--- START ---

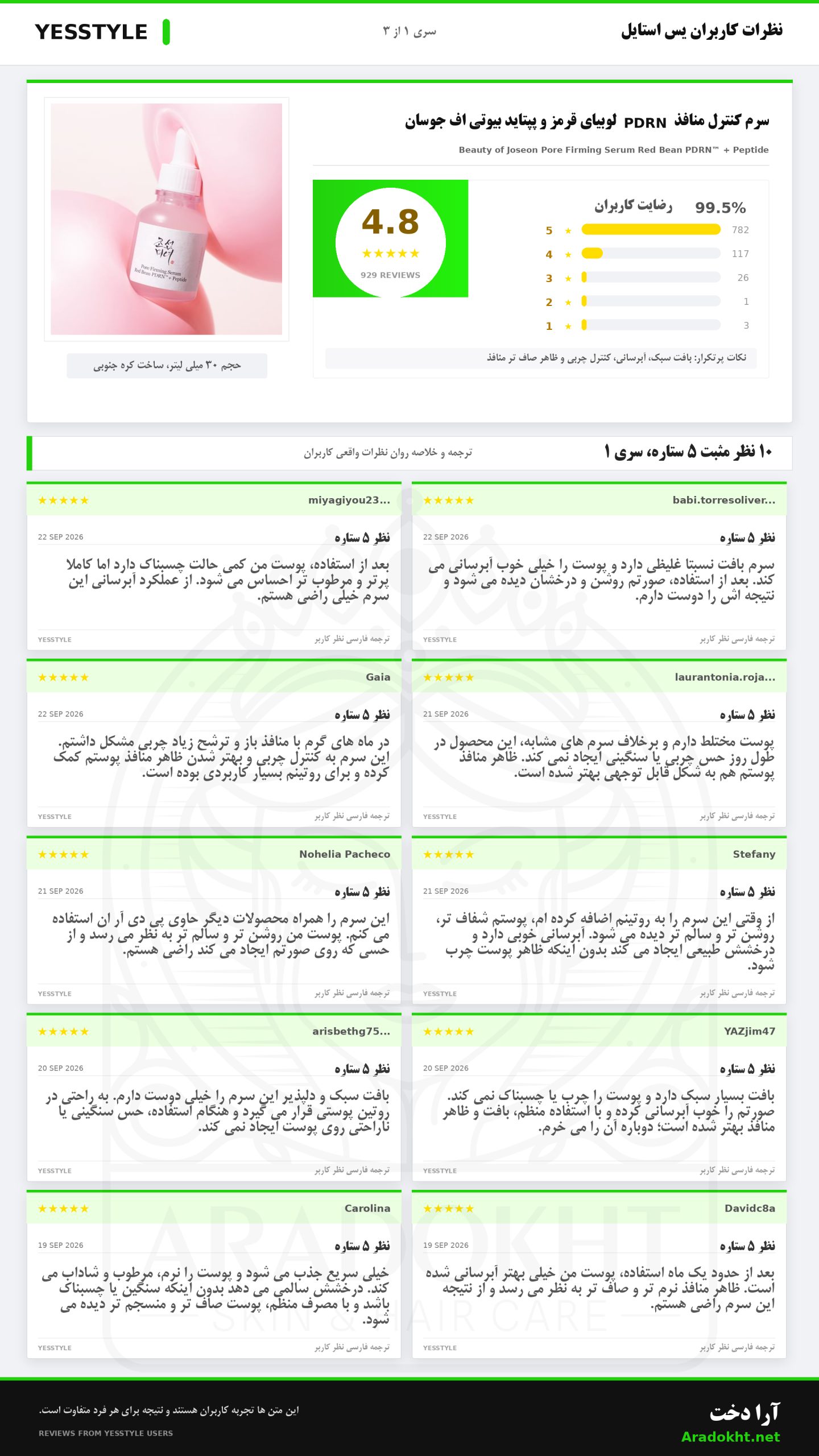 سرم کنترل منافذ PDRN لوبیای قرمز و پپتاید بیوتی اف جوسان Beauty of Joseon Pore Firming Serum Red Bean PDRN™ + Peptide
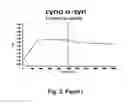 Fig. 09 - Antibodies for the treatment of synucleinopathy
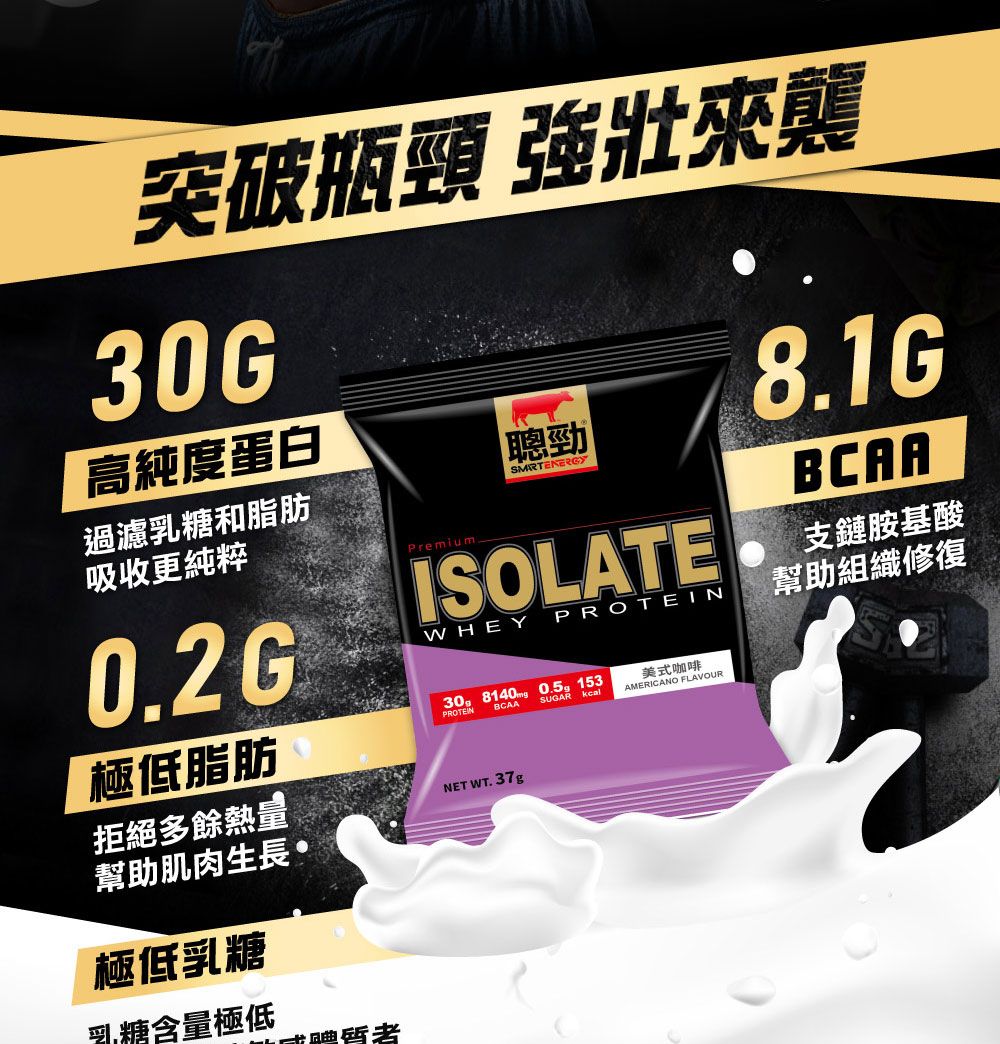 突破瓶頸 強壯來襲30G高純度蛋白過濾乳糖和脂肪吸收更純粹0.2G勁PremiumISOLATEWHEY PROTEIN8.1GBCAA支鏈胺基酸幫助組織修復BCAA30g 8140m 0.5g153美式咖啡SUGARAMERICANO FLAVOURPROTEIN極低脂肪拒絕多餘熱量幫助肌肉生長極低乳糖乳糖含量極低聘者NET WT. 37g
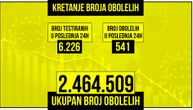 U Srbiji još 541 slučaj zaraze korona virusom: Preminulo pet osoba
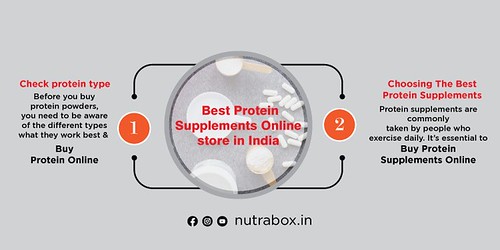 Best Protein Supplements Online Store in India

--- END ---

● **REQUIREMENT**:
Give every entry again as it is, dropping its pictures.

● **YOUR SOLUTION**:
 سرم کنترل منافذ PDRN لوبیای قرمز و پپتاید بیوتی اف جوسان Beauty of Joseon Pore Firming Serum Red Bean PDRN™ + Peptide
 Fig. 09 - Antibodies for the treatment of synucleinopathy
 突破瓶頸 強壯來襲30G高純度蛋白過濾乳糖和脂肪吸收更純粹0.2G勁PremiumISOLATEWHEY PROTEIN8.1GBCAA支鏈胺基酸幫助組織修復BCAA30g 8140m 0.5g153美式咖啡SUGARAMERICANO FLAVOURPROTEIN極低脂肪拒絕多餘熱量幫助肌肉生長極低乳糖乳糖含量極低聘者NET WT. 37g
 U Srbiji još 541 slučaj zaraze korona virusom: Preminulo pet osoba
 Best Protein Supplements Online Store in India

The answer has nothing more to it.